## Required action:
From the entries below, write out exactly the lines between the line holding "#5. CyberSec Quiz (iOS) 게시자: Dagmara Zawada" and the line holding "Brass Heavy Duty", inclusive, excluding any pictures.

## Data for analysis:
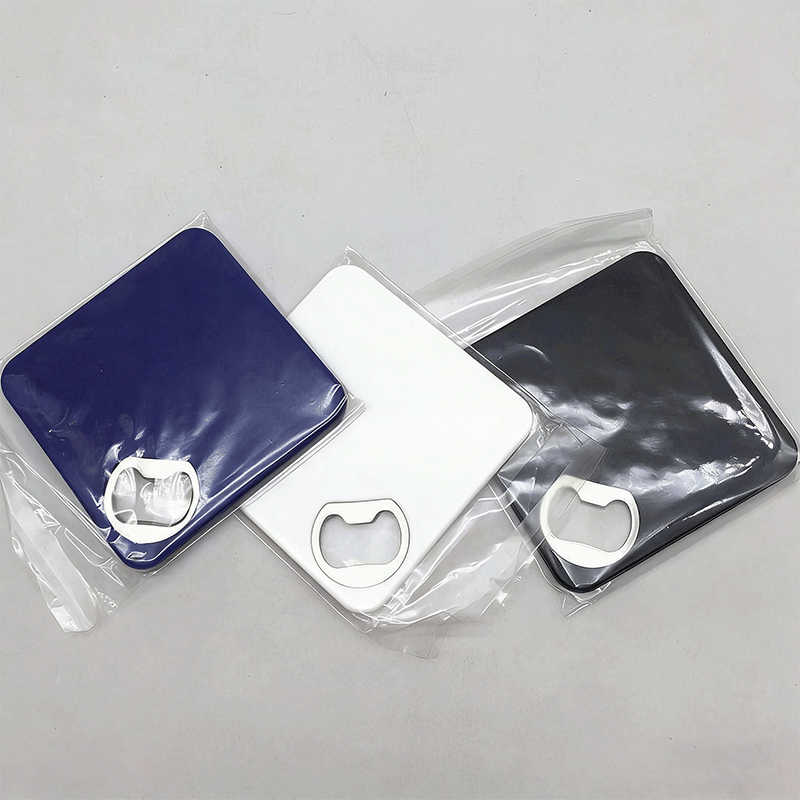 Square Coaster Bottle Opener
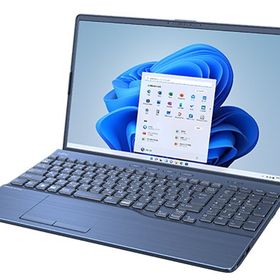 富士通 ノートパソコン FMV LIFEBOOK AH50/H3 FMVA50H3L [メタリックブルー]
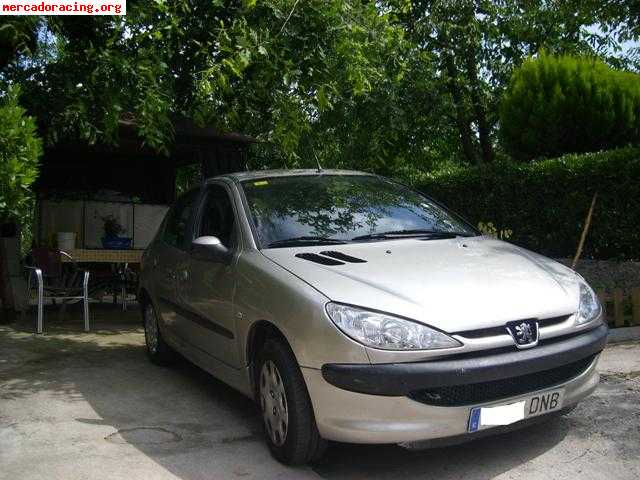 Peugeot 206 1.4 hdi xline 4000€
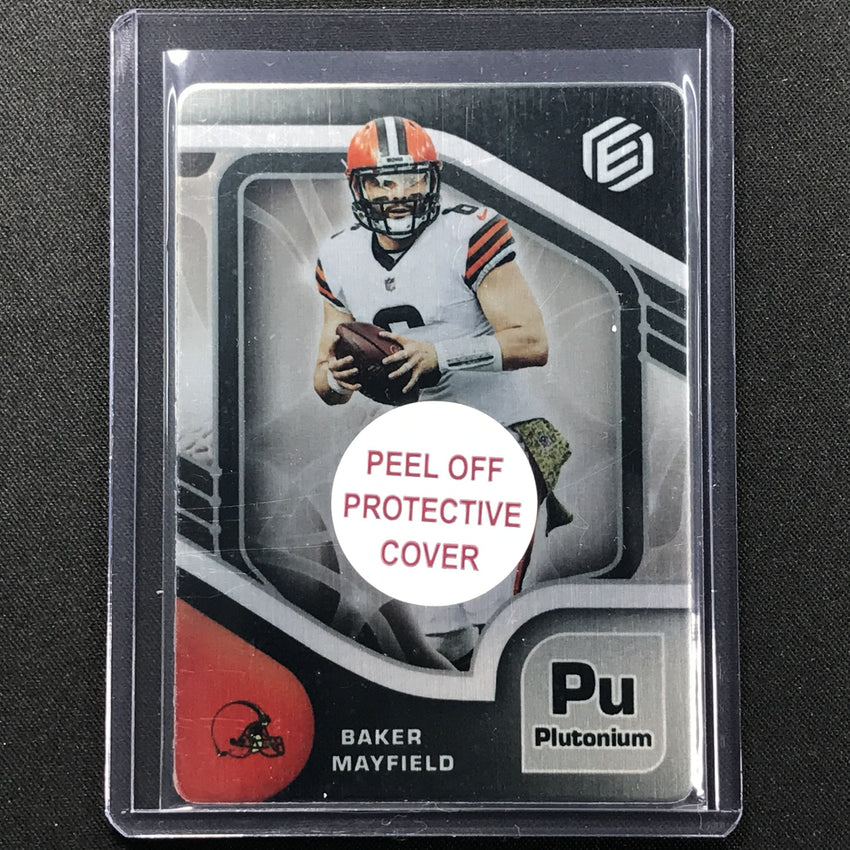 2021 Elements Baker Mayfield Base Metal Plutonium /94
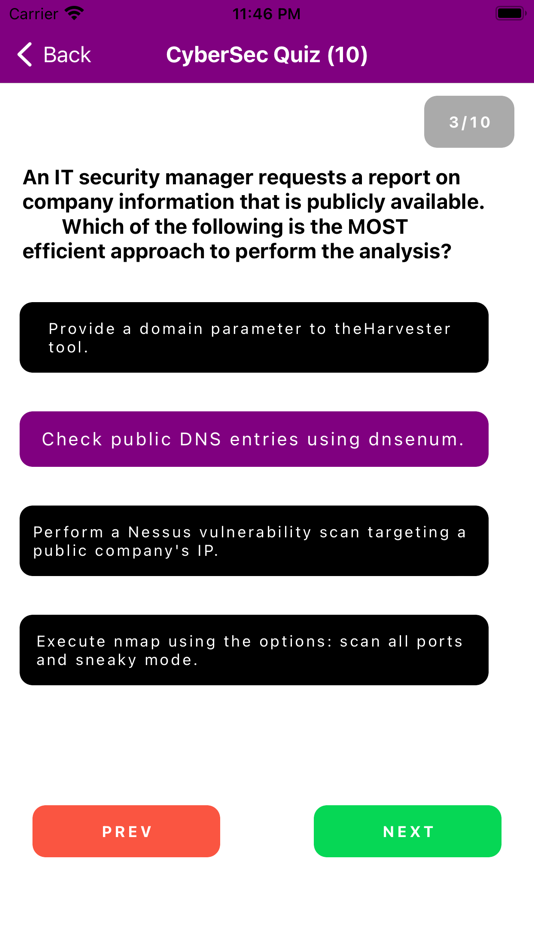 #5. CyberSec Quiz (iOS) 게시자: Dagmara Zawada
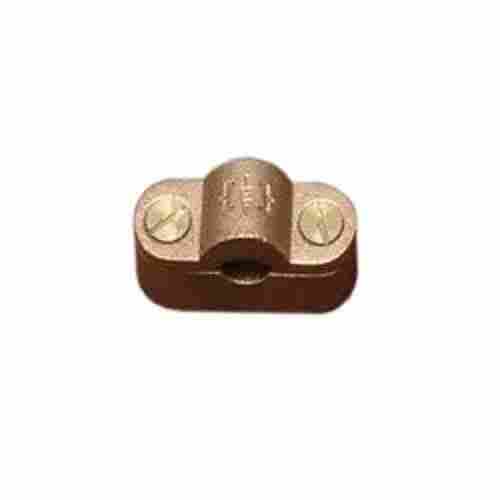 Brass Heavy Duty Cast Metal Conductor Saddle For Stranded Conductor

==

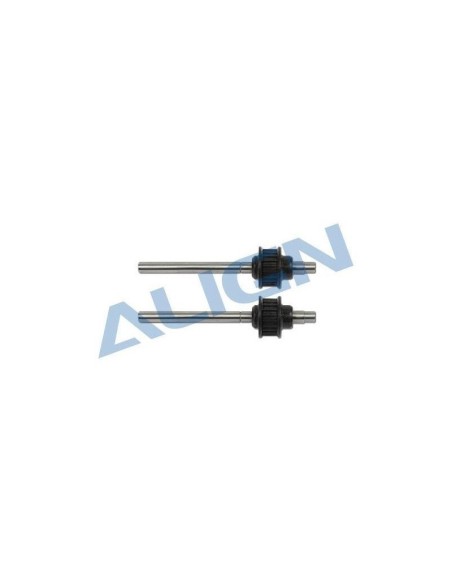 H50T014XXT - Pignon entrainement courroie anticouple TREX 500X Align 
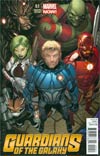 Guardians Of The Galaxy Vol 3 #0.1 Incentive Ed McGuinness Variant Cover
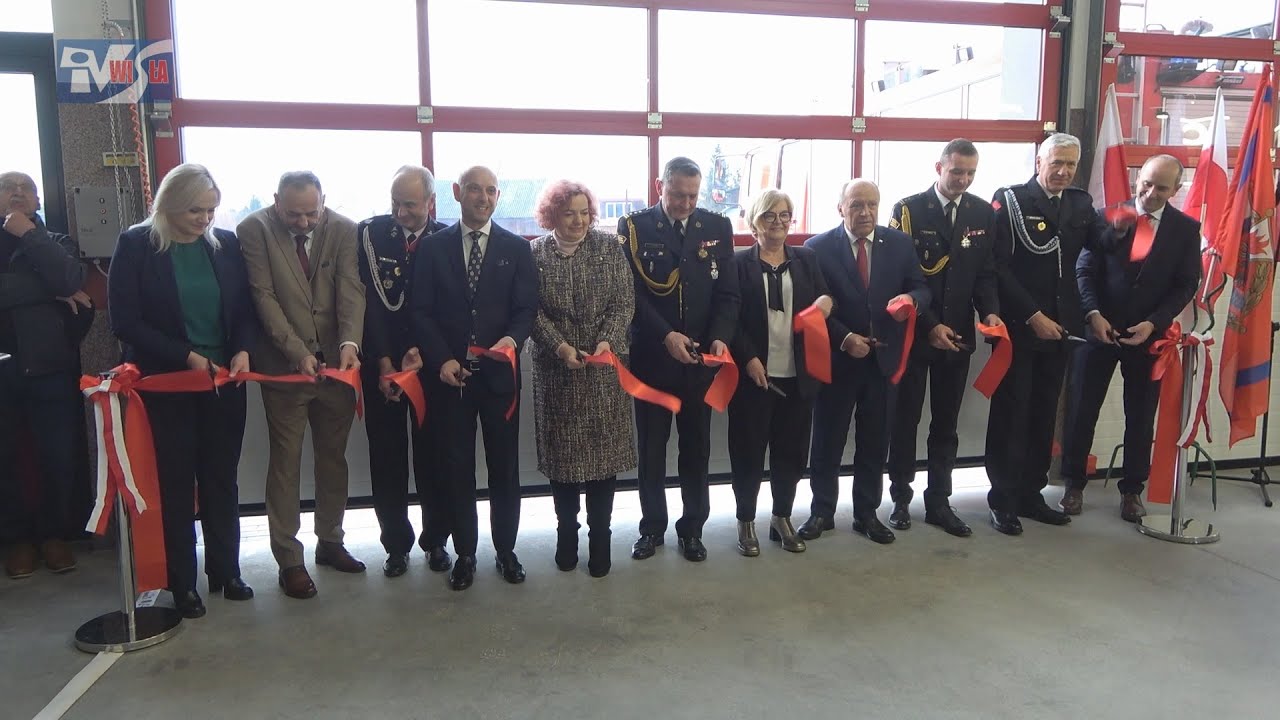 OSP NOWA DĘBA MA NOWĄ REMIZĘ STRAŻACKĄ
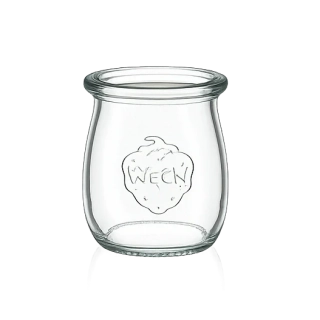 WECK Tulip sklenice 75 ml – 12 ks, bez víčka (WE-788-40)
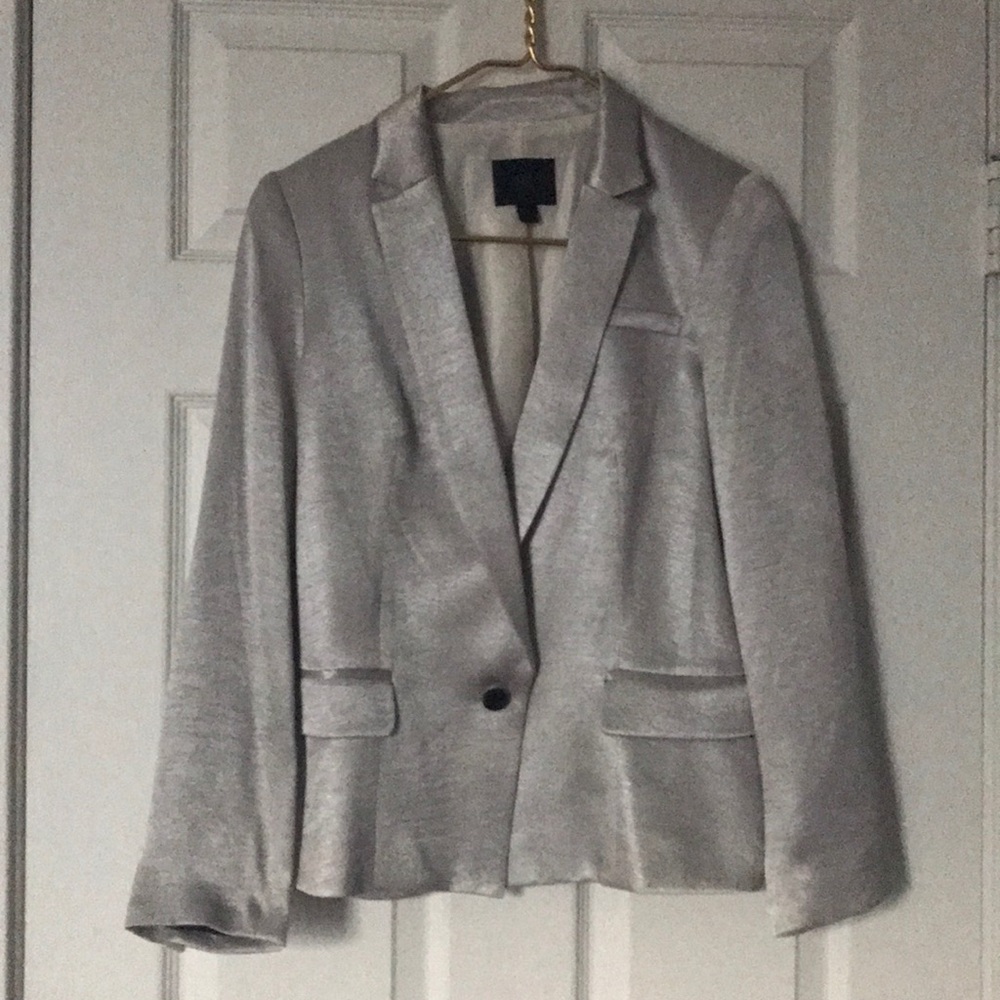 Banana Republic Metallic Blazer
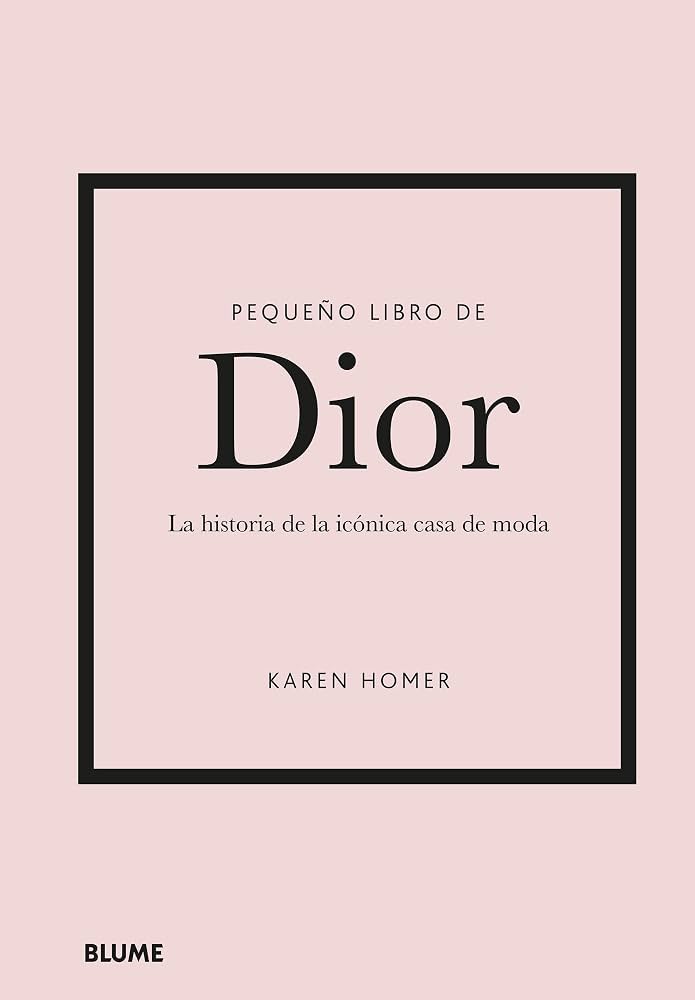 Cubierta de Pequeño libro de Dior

## Result below:
 #5. CyberSec Quiz (iOS) 게시자: Dagmara Zawada
 Brass Heavy Duty Cast Metal Conductor Saddle For Stranded Conductor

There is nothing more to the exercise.